What caught investors’ attention, however, are changes to its inflation forecasts. The RBA now thinks that underlying inflation will stay at around 1.75% until mid-2019 compared to August’s estimates that CPI will hit 1.75% – 2.75% by June 2018. Heck, RBA even noted that the recent “re-weighting” of CPI means that underlying inflation was overstated by 0.3%!
Apparently, slow wage growth and strong competition in the retail scene are huge factors to slow inflation. A strong Aussie didn’t help either.

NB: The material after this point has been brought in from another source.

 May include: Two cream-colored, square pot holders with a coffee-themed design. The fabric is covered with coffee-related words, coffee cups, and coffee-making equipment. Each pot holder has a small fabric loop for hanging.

See, the central bank still believes that
“If the exchange rate were to appreciate further, economic activity and inflation would be likely to pick up more slowly than currently forecast.”
Still Governor Philip Lowe and his team are confident that improvements in the employment sector will eventually push wages (and prices) higher.
Risk appetite takes a hit
With not a lot of data on the docket, Asian session traders took cues from their U.S. counterparts and priced in a bit of uncertainty over the difference between the Lower and Upper House versions of tax reform.

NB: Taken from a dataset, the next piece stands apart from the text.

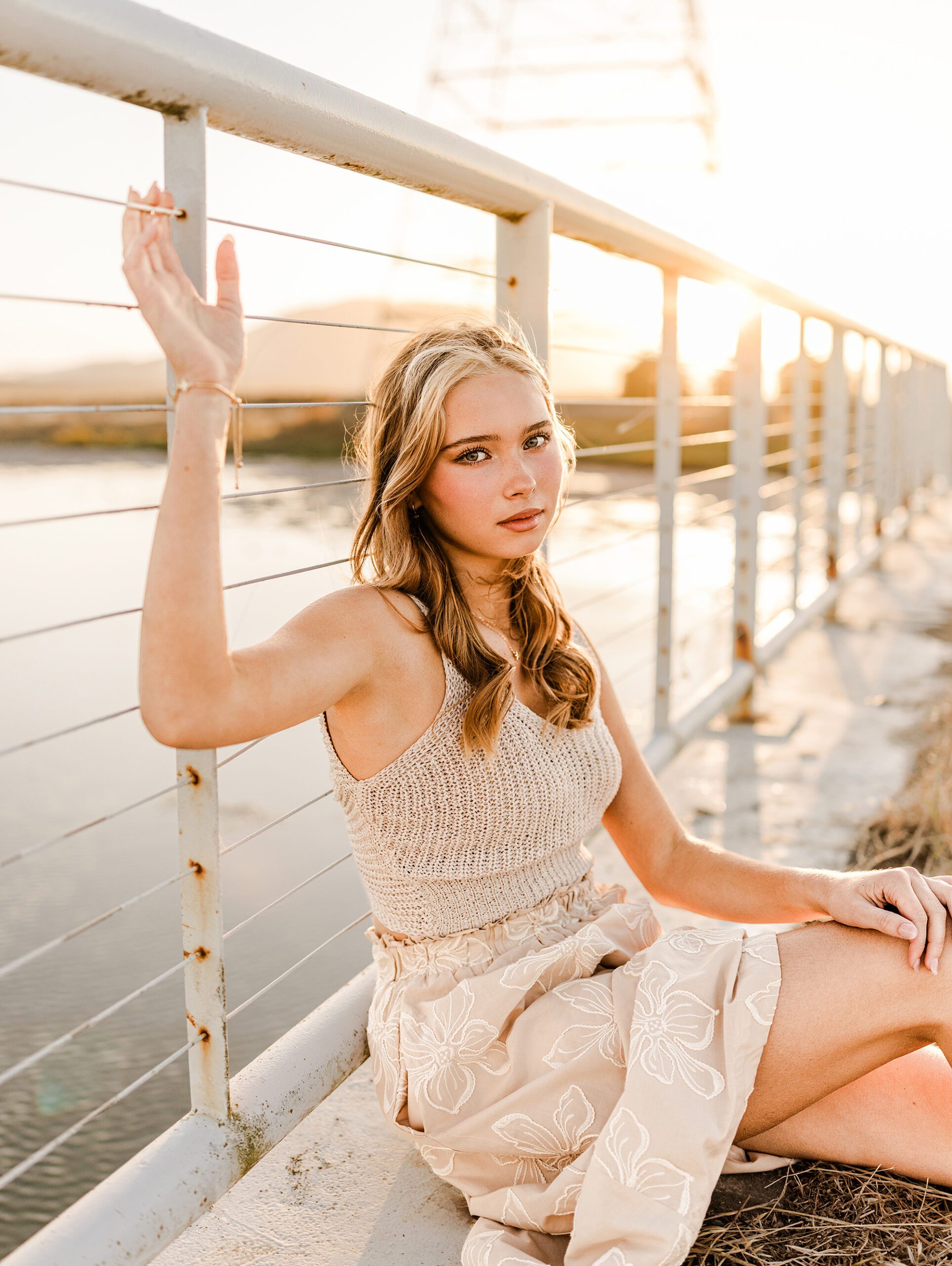 Rising senior Sofia leaning against a bridge railing during her Marin senior portrait session at sunset.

- Nikkei slipped by 1.10% to 22,618.00;
- Australia’s A SX 200 dipped by 0.37% to 6,027.00, and
- Hang Seng dipped by 0.15% to 29,093.50 even as
- China’s A50 popped up by 0.55% to 13,064.82.
Commodity prices didn’t fare any better with
- Gold slipping by 0.11% to $1,286.14;
- Brent crude oil falling by 0.31% to $63.73, and
- U.S. crude oil prices slipping by 0.28% to $57.01.
Major Market Mover(s):
The Aussie inched a tiny bit higher against its counterparts after reacting negatively to the RBA’s new inflation forecasts.
AUD/USD dipped to .7664 before finishing at .7686;
AUD/JPY jumped from a low of 86.89 to 87.14;
AUD/NZD climbed by 32 pips (+0.29%) to 1.1074, and
GBP/AUD slipped by 24 pips (-0.14%) to 1.7103.
Watch Out For:
- 7:45 am GMT: France’s industrial production (0.6% expected, -0.3% previous)
- 7:45 am GMT: France’s quarterly private payrolls (0.3% expected, 0.4% previous)
- 9:00 am GMT: Italy’s industrial production (-0.3% expected, 1.2% previous)
- 9:30 am GMT: U.K.’s manufacturing production (0.3% expected, 0.4% previous)
- 9:30 am GMT: U.K.’s goods trade balance (-12.9B GBP expected, -14.2B GBP previous)
- 9:30 am GMT: U.K.’s construction output (-0.6% expected, 0.6% previous)
- 9:30 am GMT: U.K.’s industrial production (0.3% expected, 0.2% previous)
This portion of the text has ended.